Where Portland's Next Generation Goes to Eat and Play

Clockwise from top left: Silvia Xiong, Lloyd Center Ice Rink, Zero Degrees, and La's
Any weekday afternoon, nearly 900 students throng the halls of Parkrose High School in outer Northeast Portland. With more than 70 percent students of color and some 28 languages between them, it’s one of the most ethnically diverse student bodies in the city—and some of them have lots to say about Stumptown’s best offerings.
Sophomore Silvia Xiong was born in Minnesota—her parents, Hmong refugees, grew up in Laos—but she’s lived in Northeast Portland since she was a wee thing. At 16, the budding gastronome has plenty of opinions on where to chow, primarily along the city’s booming 82nd Avenue. She adores the wildly decorated, fruity fusion smoothies at Zero Degrees (“Hispanic and Asian drinks mixed together!”) and the boba teas and sweet crêpe sundaes at the Southeast Portland outpost of Japanese chain Mojo Crepes. “They also have a Japanese hot dog,” Silvia says, calling out the wieners piled with seaweed and pickled ginger. And she’s all about the pork belly at K-Town Korean BBQ, spicy or slathered with miso, but she’s waiting until she turns 21 to try the wine-marinated version.
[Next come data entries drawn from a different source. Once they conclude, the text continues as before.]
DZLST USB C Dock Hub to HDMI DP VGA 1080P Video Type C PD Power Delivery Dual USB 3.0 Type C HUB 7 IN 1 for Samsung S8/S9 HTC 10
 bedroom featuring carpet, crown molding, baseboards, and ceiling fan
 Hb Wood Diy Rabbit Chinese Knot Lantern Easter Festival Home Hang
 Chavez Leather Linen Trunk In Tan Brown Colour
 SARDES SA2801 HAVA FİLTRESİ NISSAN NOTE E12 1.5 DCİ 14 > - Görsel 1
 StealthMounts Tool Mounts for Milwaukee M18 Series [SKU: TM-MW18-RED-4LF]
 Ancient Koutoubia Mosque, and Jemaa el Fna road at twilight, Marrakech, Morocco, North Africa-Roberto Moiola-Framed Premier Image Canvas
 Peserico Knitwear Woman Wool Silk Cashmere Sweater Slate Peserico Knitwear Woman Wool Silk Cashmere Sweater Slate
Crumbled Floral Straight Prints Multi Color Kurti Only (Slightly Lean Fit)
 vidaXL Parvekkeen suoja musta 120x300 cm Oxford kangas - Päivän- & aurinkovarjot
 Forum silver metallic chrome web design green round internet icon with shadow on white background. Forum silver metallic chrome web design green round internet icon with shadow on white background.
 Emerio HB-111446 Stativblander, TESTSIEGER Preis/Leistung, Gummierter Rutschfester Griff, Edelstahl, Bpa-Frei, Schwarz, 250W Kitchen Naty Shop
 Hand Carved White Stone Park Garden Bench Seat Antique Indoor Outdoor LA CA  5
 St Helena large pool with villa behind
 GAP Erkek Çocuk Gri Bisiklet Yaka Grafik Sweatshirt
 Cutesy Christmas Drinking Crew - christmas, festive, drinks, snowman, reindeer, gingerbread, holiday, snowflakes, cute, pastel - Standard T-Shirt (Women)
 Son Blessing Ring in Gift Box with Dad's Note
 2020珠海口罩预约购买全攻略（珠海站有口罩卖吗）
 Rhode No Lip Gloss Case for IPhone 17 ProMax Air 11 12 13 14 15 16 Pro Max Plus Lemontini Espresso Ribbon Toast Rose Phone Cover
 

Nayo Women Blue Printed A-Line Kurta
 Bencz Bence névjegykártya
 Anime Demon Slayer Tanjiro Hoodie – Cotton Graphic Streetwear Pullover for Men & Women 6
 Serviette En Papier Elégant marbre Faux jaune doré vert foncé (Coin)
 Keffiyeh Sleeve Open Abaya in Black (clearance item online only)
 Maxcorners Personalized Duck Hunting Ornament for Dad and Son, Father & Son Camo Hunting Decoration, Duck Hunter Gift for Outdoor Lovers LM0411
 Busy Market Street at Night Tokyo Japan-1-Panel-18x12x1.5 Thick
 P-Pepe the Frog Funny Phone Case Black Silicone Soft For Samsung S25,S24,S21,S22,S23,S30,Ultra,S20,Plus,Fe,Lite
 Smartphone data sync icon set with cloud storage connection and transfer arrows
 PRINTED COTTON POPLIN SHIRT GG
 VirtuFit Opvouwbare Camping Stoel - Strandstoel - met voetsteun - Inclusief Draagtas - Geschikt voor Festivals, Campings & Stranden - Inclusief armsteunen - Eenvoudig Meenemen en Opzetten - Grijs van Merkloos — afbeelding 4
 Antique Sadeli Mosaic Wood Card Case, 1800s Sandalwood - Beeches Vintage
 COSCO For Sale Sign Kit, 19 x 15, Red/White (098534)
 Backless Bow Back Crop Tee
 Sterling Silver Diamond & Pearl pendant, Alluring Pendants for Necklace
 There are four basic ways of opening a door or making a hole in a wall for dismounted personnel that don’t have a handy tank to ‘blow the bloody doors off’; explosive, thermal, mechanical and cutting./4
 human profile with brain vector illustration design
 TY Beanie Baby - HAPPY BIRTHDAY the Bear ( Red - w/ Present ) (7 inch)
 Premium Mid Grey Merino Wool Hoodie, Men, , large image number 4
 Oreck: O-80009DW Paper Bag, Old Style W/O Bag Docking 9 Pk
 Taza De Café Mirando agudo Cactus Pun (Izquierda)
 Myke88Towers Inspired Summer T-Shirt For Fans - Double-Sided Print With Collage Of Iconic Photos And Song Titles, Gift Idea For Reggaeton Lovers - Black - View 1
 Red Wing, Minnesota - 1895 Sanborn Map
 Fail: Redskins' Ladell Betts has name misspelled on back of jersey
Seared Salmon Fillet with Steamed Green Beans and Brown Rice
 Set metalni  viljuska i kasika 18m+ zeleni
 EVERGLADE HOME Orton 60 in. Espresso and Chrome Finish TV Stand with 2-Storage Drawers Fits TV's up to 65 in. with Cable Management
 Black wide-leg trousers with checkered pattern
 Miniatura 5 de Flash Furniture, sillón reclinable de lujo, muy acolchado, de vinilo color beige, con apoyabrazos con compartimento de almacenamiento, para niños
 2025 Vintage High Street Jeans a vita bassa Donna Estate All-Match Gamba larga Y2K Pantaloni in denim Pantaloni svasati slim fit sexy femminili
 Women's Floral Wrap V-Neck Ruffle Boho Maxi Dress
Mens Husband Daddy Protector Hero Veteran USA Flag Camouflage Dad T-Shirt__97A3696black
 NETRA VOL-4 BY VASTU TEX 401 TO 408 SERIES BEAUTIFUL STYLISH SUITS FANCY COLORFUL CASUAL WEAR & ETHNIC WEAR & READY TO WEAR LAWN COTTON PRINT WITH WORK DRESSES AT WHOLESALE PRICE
Her mom (a “picky eater”) has warmed to one of Xiong’s favorites: 82nd Avenue stalwart Pho Oregon, with its brimming bowls of the Vietnamese soup, redolent with spices and showered with herbs. And when the family feels nostalgic for chicken and rice, they trek to Aloha to visit La Vang-Herr, owner of La’s, the metro area’s only Hmong food cart. “I get the phat wing—a chicken wing stuffed with noodles, carrots, green onions, cilantro,” says Xiong. “[My parents] go there just to talk with La.”
Where else does she go to connect with fellow Portlanders? That’d be the Lloyd Center Ice Rink, where she joins those gathered at the perimeter, mesmerized by the skaters. “Roller-skating, everybody does that,” she says, “but ice-skating, on ice—it seems so fascinating.”